=== Task ===
Below are the records; give again exactly the lines from the one containing "Tommy Bahama Men's" through the one containing "Custodia Compatibile Con", leaving out pictures.

---- Records to use

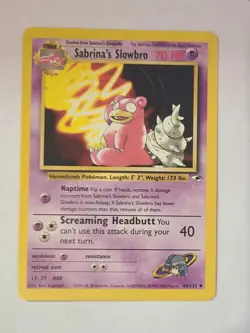 💚 LP Sabrina's Slowbro 60/132 Gym Heroes Pokemon Card Uncommon - Image 1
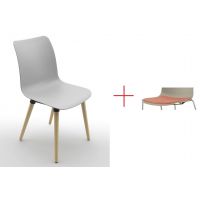 BGROUP - COWORKER Krzesło Konferencyjne SPL S130 | Stelaż Drewniany na 4 nogach | Oparcie z Tworzywa | Siedzisko z Tapicerowaną Nakładką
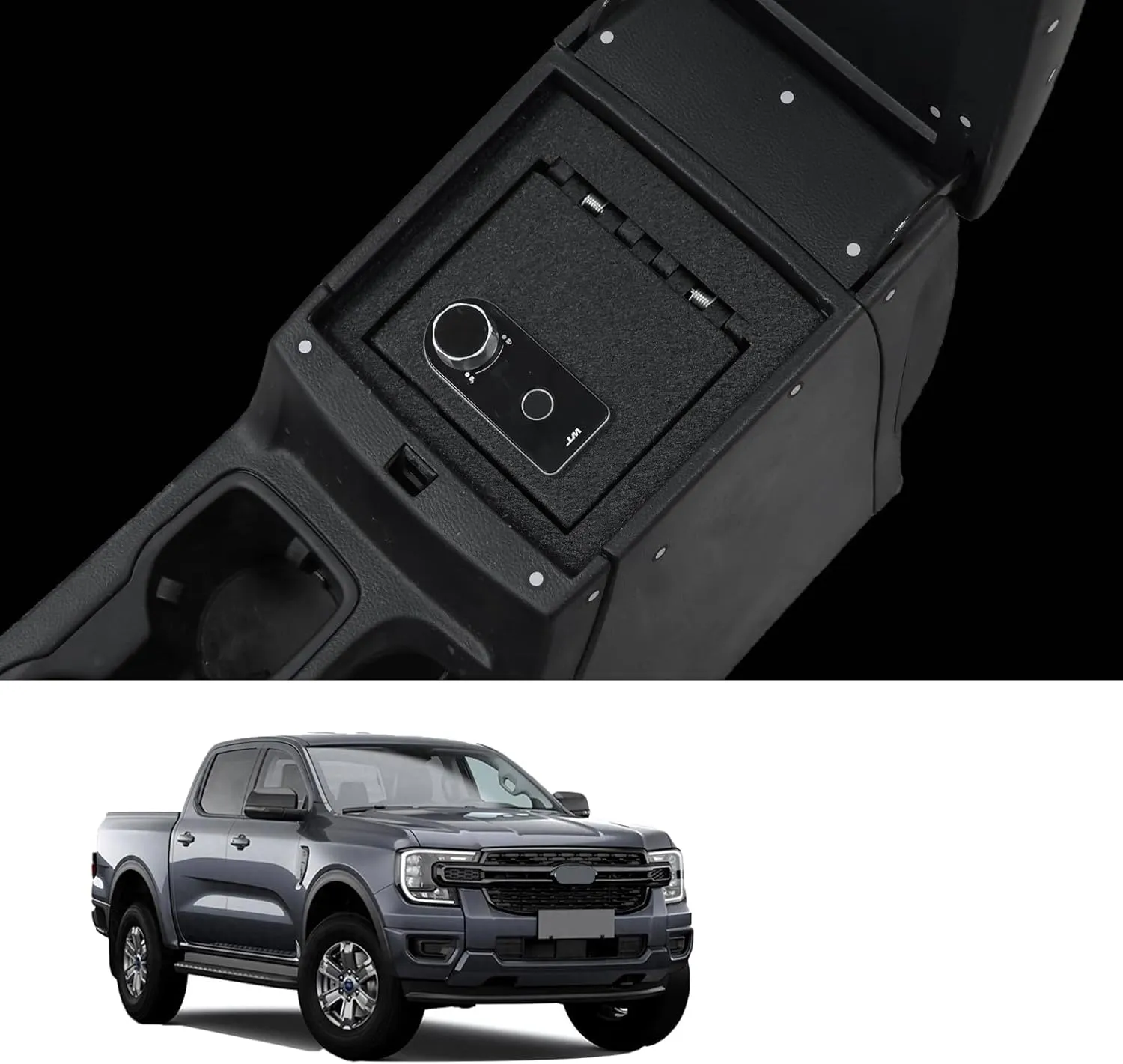 Center Console Gun Safe Vault - TUOJUE Vehicle Safe Vault Compatible with Ford Ranger 2019-2023, Anti-Theft High Security Armrest Lock Box with Biometric Fingerprint Lock with Backup Key.
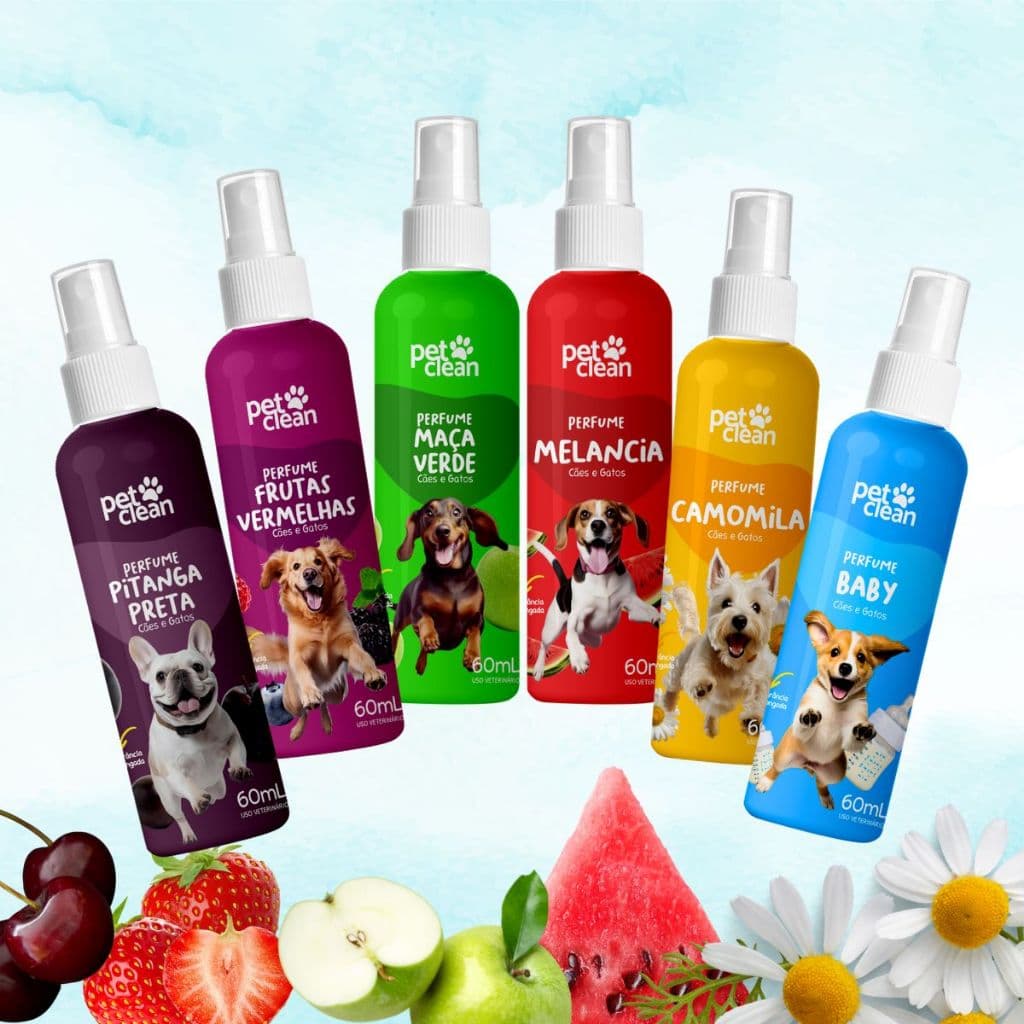 Perfume para Cães e Gatos Pet Clean 60ml Fragrâncias Frutadas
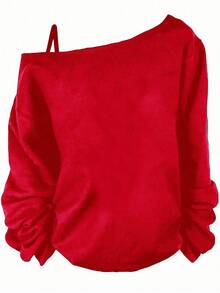 SHEIN Essnce Casual Equestrian & Fencing Graphic Sleeveless Shoulder Strap Long Sleeve T-Shirt For Women, Suitable For Spring/Summer,Red TopIn Fall/Winter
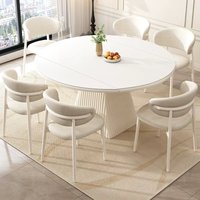 Luxury Modern Extendable Foldable Round Sintered Stone Wooden Dining Table Chair Set, 4, 6 Seaters Creme Color Furniture Designs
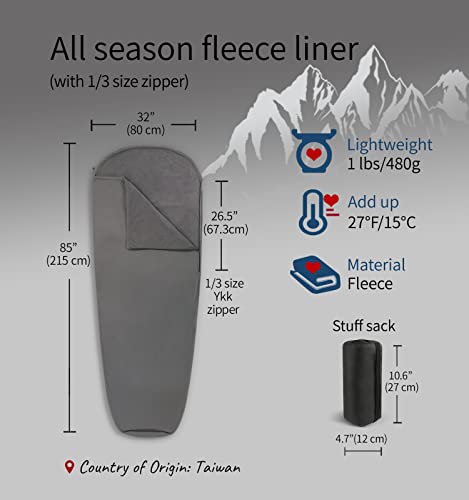 Litume All Season Fleece Sleeping Bag Liner Adds Up to 27°F/ 15°C, Lightweight Mummy Sleeping Sack for Cold Weather and Wi...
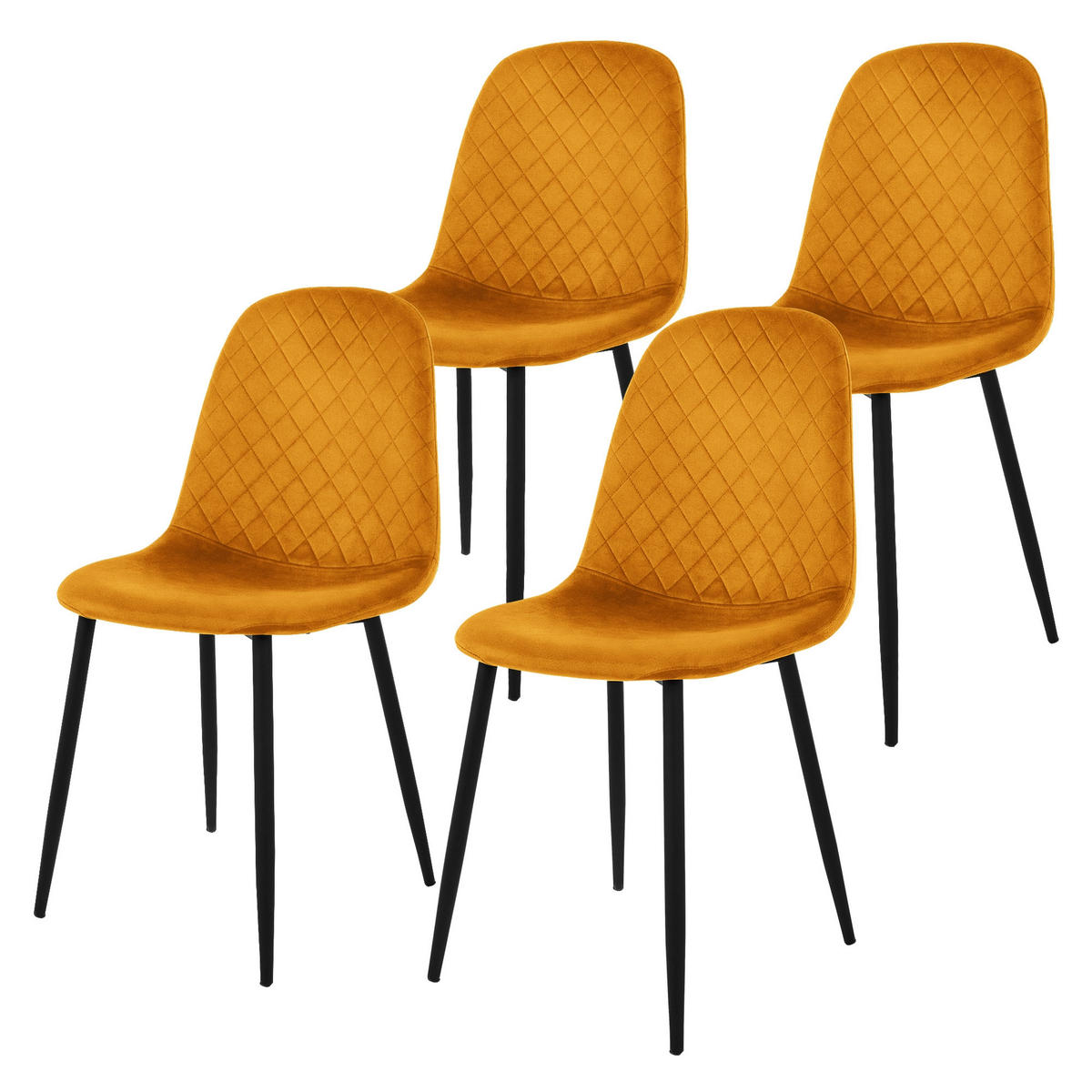 ESSZIMMERSTÜHLE 4er Set Senfgelb Samt - Gelb/Dunkelgelb, Textil/Metall (51/89/44cm) - ML-DESIGN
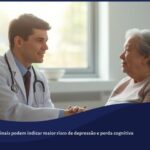 Médico conversando com paciente idoso em consultório de reabilitação, ambiente acolhedor.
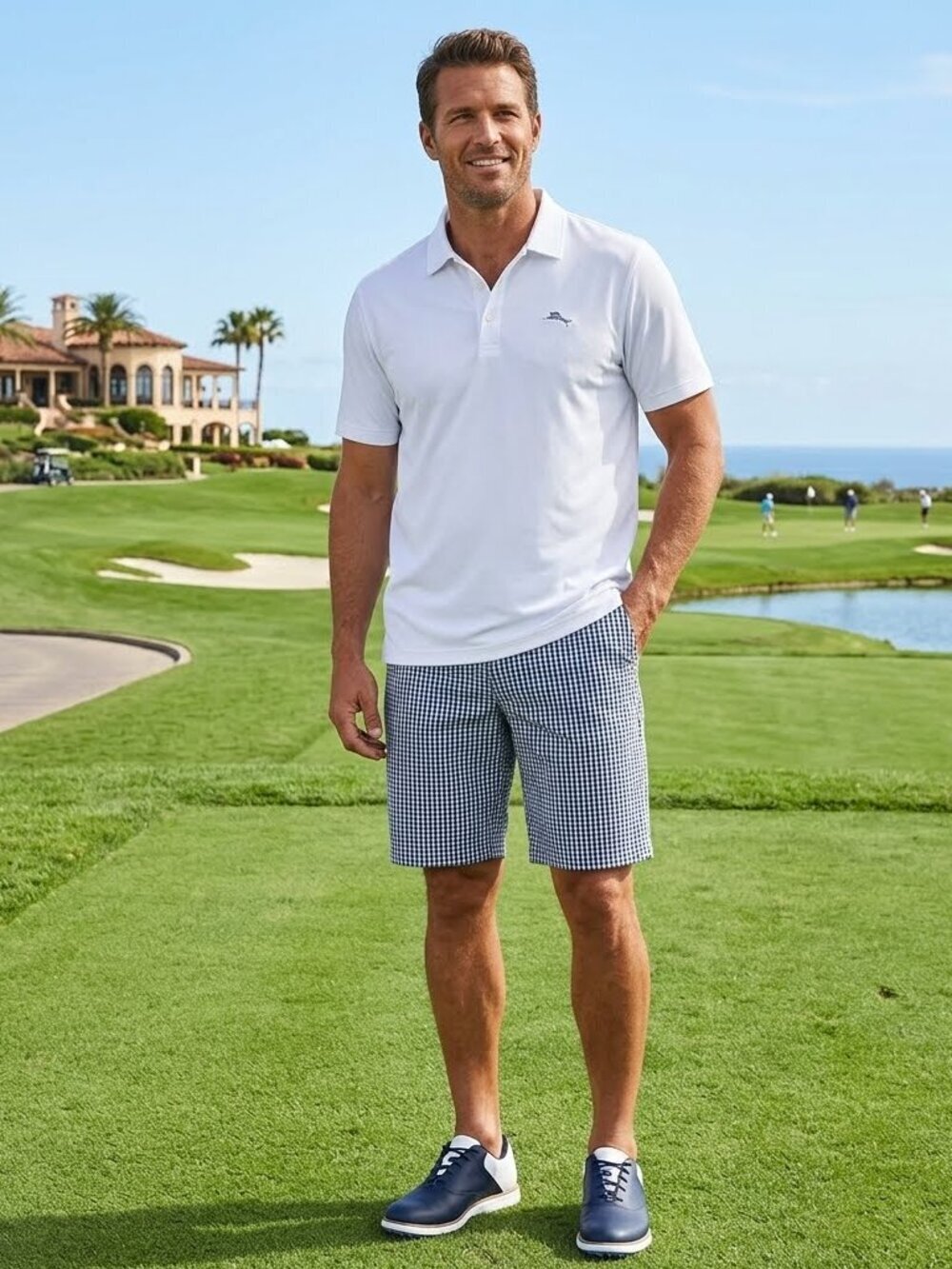 Tommy Bahama Men's Size 33 Gingham Plaid Paradise Nation Golf Shorts Breathable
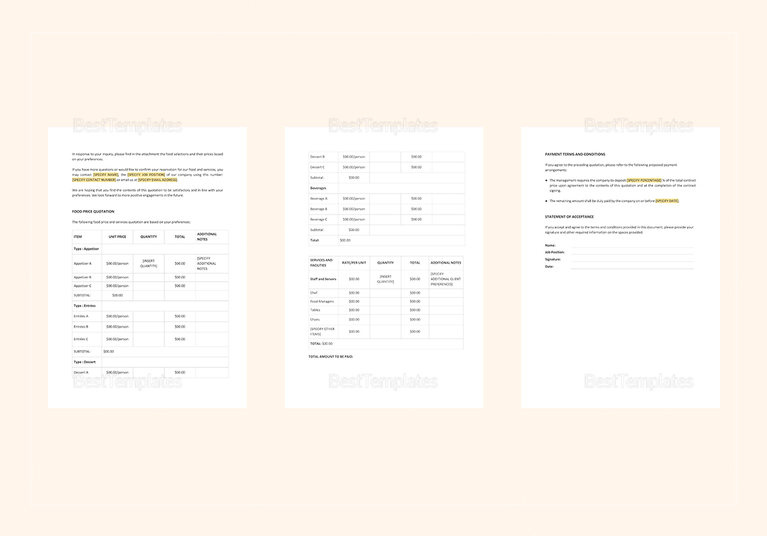 Food Price Quotation Template in Word, Apple Pages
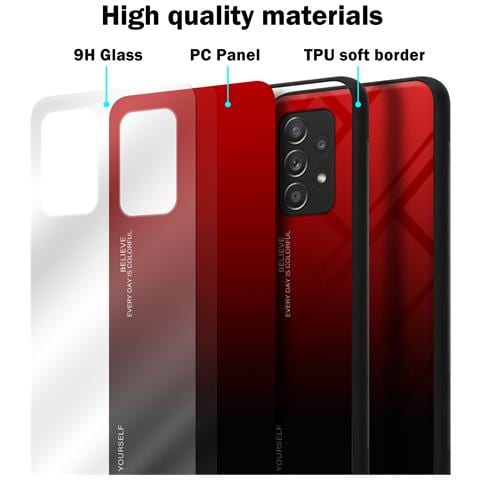Custodia Compatibile Con Samsung Galaxy A52 (4g / 5g) / A52s In Rosso - Nero - Coperchio Protettivo Bicolore In Vetro Temperato E Silicone Tpu - Foto 6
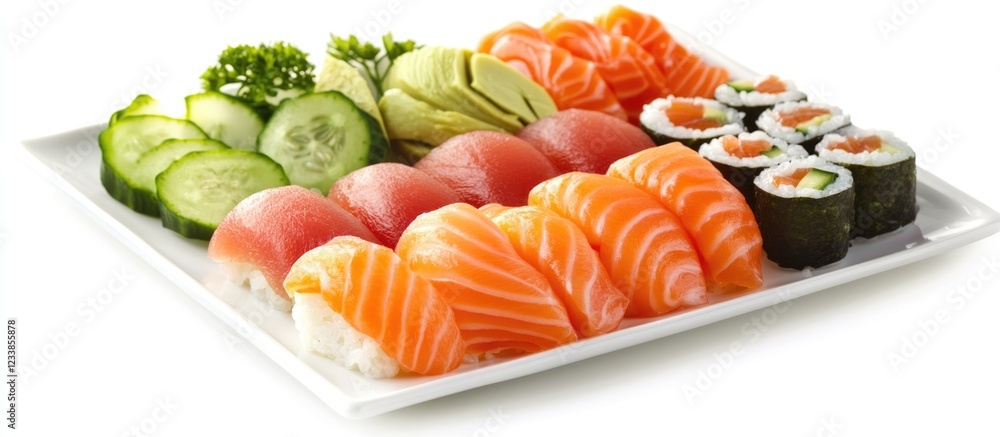 Assorted sushi and sashimi on white plate featuring salmon avocado and cucumber with space for text in a bright setting Assorted sushi and sashimi on white plate featuring salmon avocado and cucumber with space for text in a bright setting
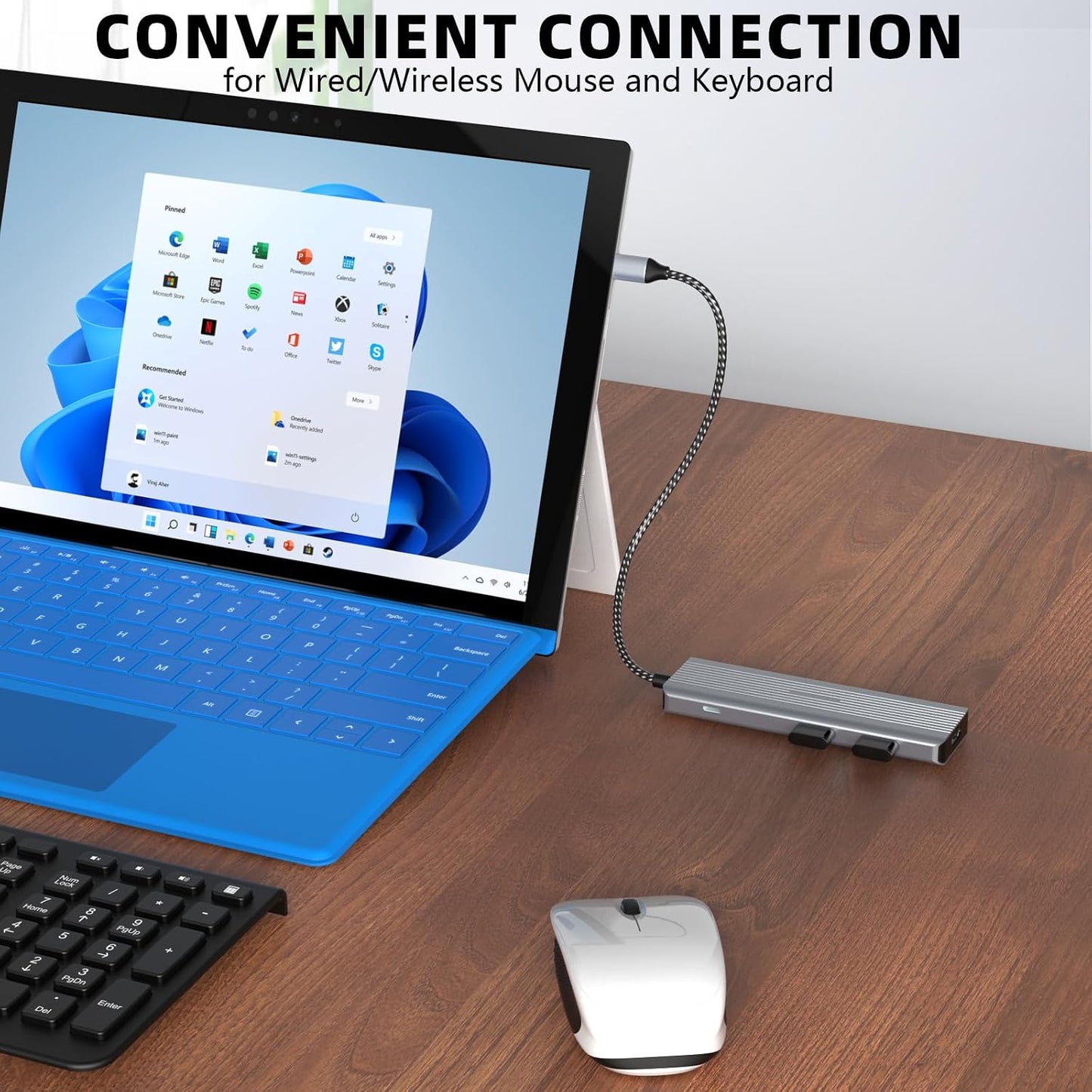 TOTU 9 1 (4K 2*USB 3.0 2*USB 2.0 USB Hub, in USB C Docking Station for Type C Laptops HDMI, Type-A, USB-C Data Transfer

--------

=== Finished task ===
 Tommy Bahama Men's Size 33 Gingham Plaid Paradise Nation Golf Shorts Breathable
 Food Price Quotation Template in Word, Apple Pages
Custodia Compatibile Con Samsung Galaxy A52 (4g / 5g) / A52s In Rosso - Nero - Coperchio Protettivo Bicolore In Vetro Temperato E Silicone Tpu - Foto 6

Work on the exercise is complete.